```
M, N = 10000, 10000
a = randn((M, N));
ssa = sum(a);
sa=sum(a, dims=1);
@btime a .- ssa .- sa;
@btime a .- sa .- ssa;
@btime a .- (sa .+ ssa);
287.707 ms (6 allocations: 762.94 MiB)
283.096 ms (6 allocations: 762.94 MiB)
279.157 ms (6 allocations: 762.94 MiB)
```

Why are all the three operations above running almost in the same time? I would have expected the last one to run in about half the time as the other two; given it has only `1e8`

subtractions (and `1e4`

additions) as opposed to the first two with `2e8`

subtractions.

Your operations (elementwise addition/subtraction) are very cheap, so your runtime will be dominated by the memory traffic needed to fetch each element of `a`

from main memory.

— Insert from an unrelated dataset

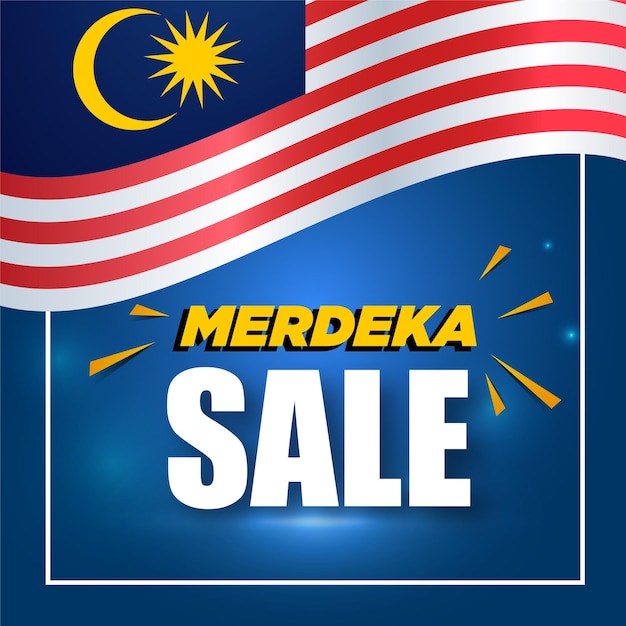 Premium Vector Merdeka Sale Background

For reference, on my machine,

```
julia> @btime $a .- $ssa .- $sa;
168.593 ms (2 allocations: 762.94 MiB)
julia> @btime [identity(ai) for ai in a];
132.609 ms (3 allocations: 762.94 MiB)
```

… it takes almost as much time to do *nothing* as to do all those operations when the array is so large and the operations are so cheap. The difference probably just amounts to register-shuffling overhead.

8 Likes

You can check how many operations are performed by explicitly counting:

```
julia> cnt(x) = (global CNT += 1; x);
julia> CNT=0; cnt.(ones(3) .+ ones(5)'); CNT
15
julia> CNT=0; cnt.(ones(3)) .+ ones(5)'; CNT # fused
15
julia> CNT=0; begin
col = cnt.(ones(3)) # not fused
col .+ ones(5)'
end; CNT
3
```

Maybe you should think of this fused broadcast as a function `(x,y) -> cnt(x) + y`

which is mapped over the whole iteration space. For a cheap function that’s a great idea, for an expensive one it isn’t always, and allocating an intermediate like `col`

may be worthwhile:

```
julia> z = similar(a); # with a, sa as above
julia> @btime $z .= exp.($a) .+ $sa; # N^2 exp calls
696.363 ms (0 allocations: 0 bytes)
julia> @btime $z .= $a .+ exp.($sa); # fused, still N^2 exp calls
698.302 ms (0 allocations: 0 bytes)
julia> @btime $z .= $a .+ begin exp.($sa) end; # not fused, N exp calls
127.645 ms (2 allocations: 78.20 KiB)
```

5 Likes

Wow this is really surprising. Is it documented somewhere, the idea of ‘fusing’?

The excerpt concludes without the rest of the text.